Start of DATASET CONTENT

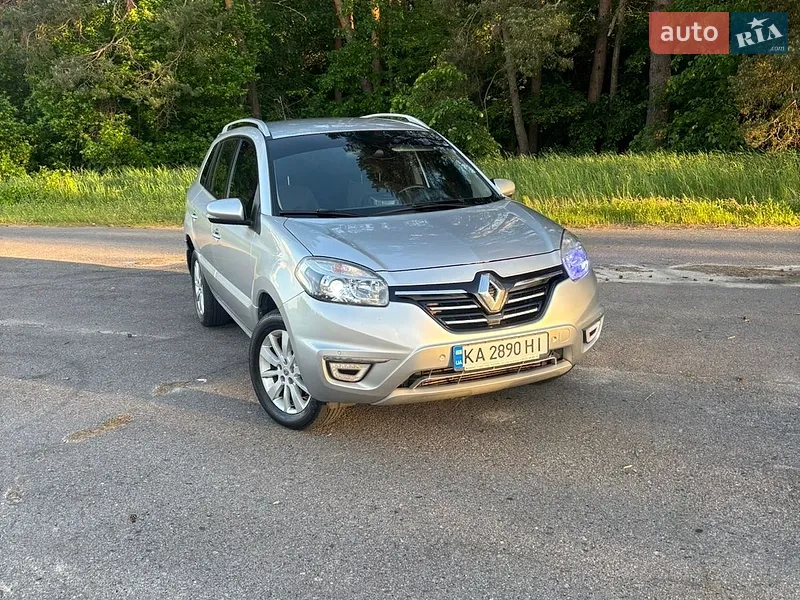 Renault Koleos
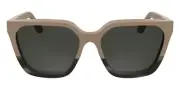 Calvin Klein CK25500S Women Sunglasses Rose, Rectangle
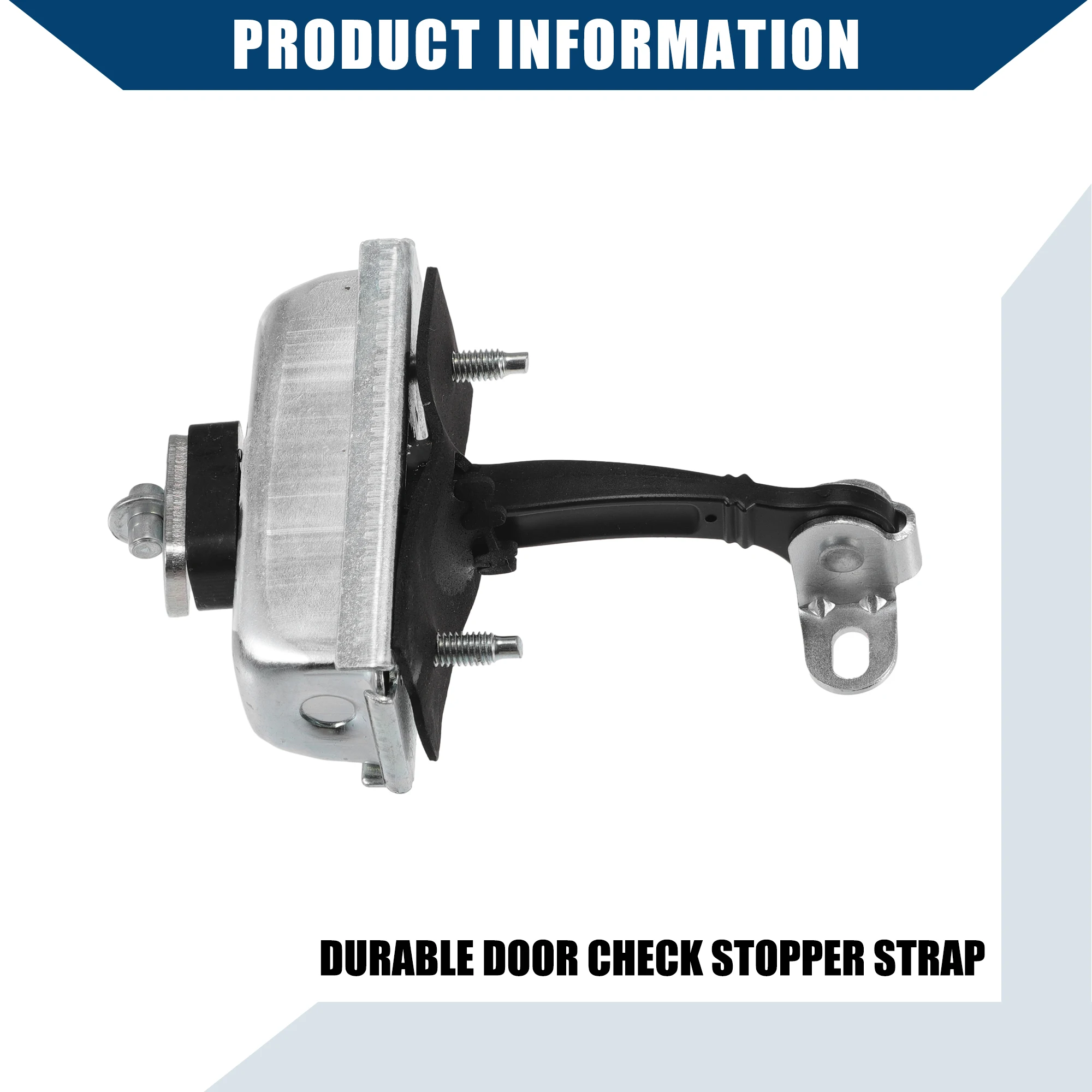 X Autohaux-Correa de control para puerta delantera de coche, accesorio para Chrysler Sebring Convertible 1998, 1999, 2000, 2001, 2002, 2003, 2004, 2006, 2 piezas, n. ° 4658467ab - imagen 5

End of DATASET CONTENT

## EXERCISE
Please retype the listing exactly, leaving out any images.

## FINISHED TASK
 Renault Koleos
 Calvin Klein CK25500S Women Sunglasses Rose, Rectangle
 X Autohaux-Correa de control para puerta delantera de coche, accesorio para Chrysler Sebring Convertible 1998, 1999, 2000, 2001, 2002, 2003, 2004, 2006, 2 piezas, n. ° 4658467ab - imagen 5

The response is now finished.